This is the marketing reality slowly shifting our own realities. We already took some baby steps in the past, but luckily not everyone forgets.



trickson said:


> OMG 9 pages and I can not figure out who is lying now!
> 
> I think YOU all are liars no one knows the truth, You can't handle the TRUTH.
> Watts and voltage and TDP who's lying to me???



Everyone, obviously. Trust no one. Always ask your CPU where he's been today and how hot he got.


----------



## trickson (Feb 5, 2021)

Who's zoomin who??


----------



## newtekie1 (Feb 5, 2021)

Vayra86 said:


> No no no.... Look again at the Intel spec sheet. It clearly says TDP is 65W. Not 70. Not 80. Not 75 for five seconds. It says 65W in the same line as it is saying 'Up to' a number of clock speeds.
> 
> NOWHERE does Intel specify something about turbo TDPs. Why doesn't the Intel spec sheet say 'Up to 100W' to match their 'up to' turbos? I mean, we're spending 9 pages now trying to figure out if someone's lying to us.
> 
> ...



From Intel's spec sheets:



> Processor Base Frequency​Processor Base Frequency describes the rate at which the processor's transistors open and close.* The processor base frequency is the operating point where TDP is defined.* Frequency is typically measured in gigahertz (GHz), or billion cycles per second.





> TDP​Thermal Design Power (TDP) represents the average power, in watts, the processor dissipates *when operating at Base Frequency* with all cores active under an Intel-defined, high-complexity workload. Refer to Datasheet for thermal solution requirements.





> Max Turbo Frequency​Max turbo frequency is the maximum *single core* frequency at which the processor is capable of operating using Intel® Turbo Boost Technology and, if present, Intel® Thermal Velocity Boost. Frequency is typically measured in gigahertz (GHz), or billion cycles per second.



They aren't lying about anything, they are telling you exactly the specs and how they define TDP as well as the maximum boost.  If you don't like the processor going beyond the rated TDP, turn off turbo boost and STFU about it.  But guess what, you better turn of PBO on your AMD processor too, because guess what happens to the power consumption when PBO is active.

Neither is lying about their processor's power consumption. Some people are seeing a number, doing no research on what that number means or how it is determined and instead just assuming it means something it doesn't.


----------



## Vayra86 (Feb 5, 2021)

newtekie1 said:


> From Intel's spec sheets:
> 
> 
> 
> ...



I can see the merit of your point of view about it, but can you see the merit in mine? I'm playing the unsuspecting customer, trying to get 'a little bit' informed. They google Intel and get that spec sheet.

What happened to informing them properly? Honestly? You did not answer that question in relation to my example. Yes, we can read the full Intel bible on how its supposed to work, but can you reasonably expect that, or should Intel define TDPs on the spec sheet just as they do clocks - within a range, and not a set value?

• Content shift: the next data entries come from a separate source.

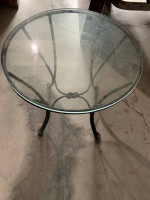 20” round heavy wrought iron table w/ thick glass top! indoor outdoor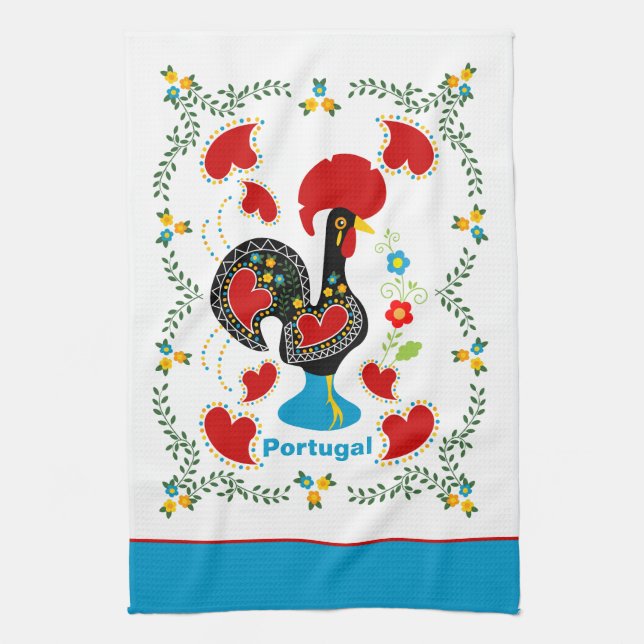 Traditional Rooster of Portugal in black Tea Towel (Vertical)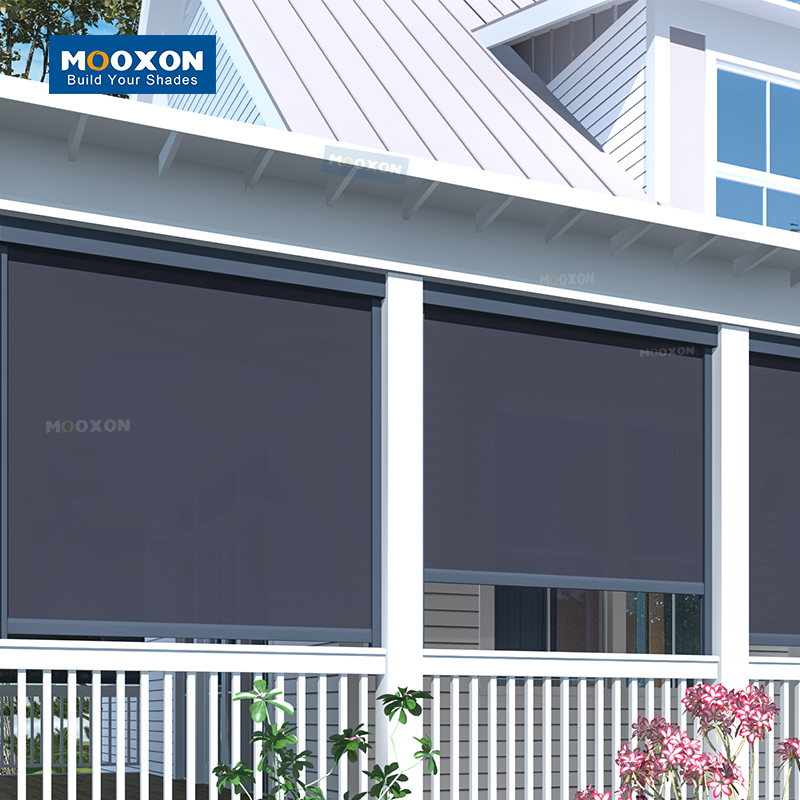 Blackout Shade Electric Roll Up Outdoor Blind Balcony Outdoor Retractable Window Vertical Motor Motorised Roller Blinds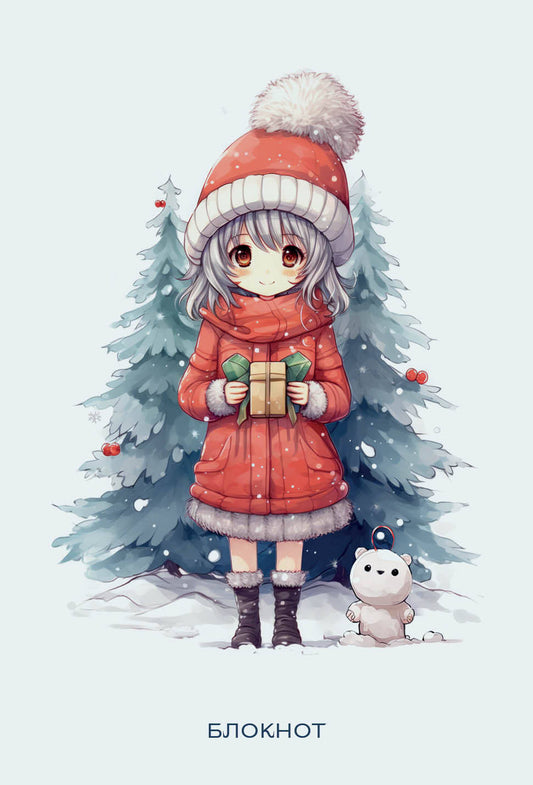 Anime. Новогодний блокнот (А6, 48 л., цветной блок, на пружине, белый)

Money can also be made by making sure your DYI'ing customers know what they're getting. We've had several reports of mishaps related to this in recent past.

And the silly thing is, they now report a 125W TDP and a separate value as well for turbo's I believe, but its still too low.

And obviously for AMD the rules aren't any different.


----------



## newtekie1 (Feb 5, 2021)

Vayra86 said:


> I can see the merit of your point of view about it, but can you see the merit in mine? I'm playing the unsuspecting customer, trying to get 'a little bit' informed. They google Intel and get that spec sheet.
> 
> What happened to informing them properly? Honestly? You did not answer that question in relation to my example. Yes, we can read the full Intel bible on how its supposed to work, but can you reasonably expect that, or should Intel define TDPs on the spec sheet just as they do clocks - within a range, and not a set value?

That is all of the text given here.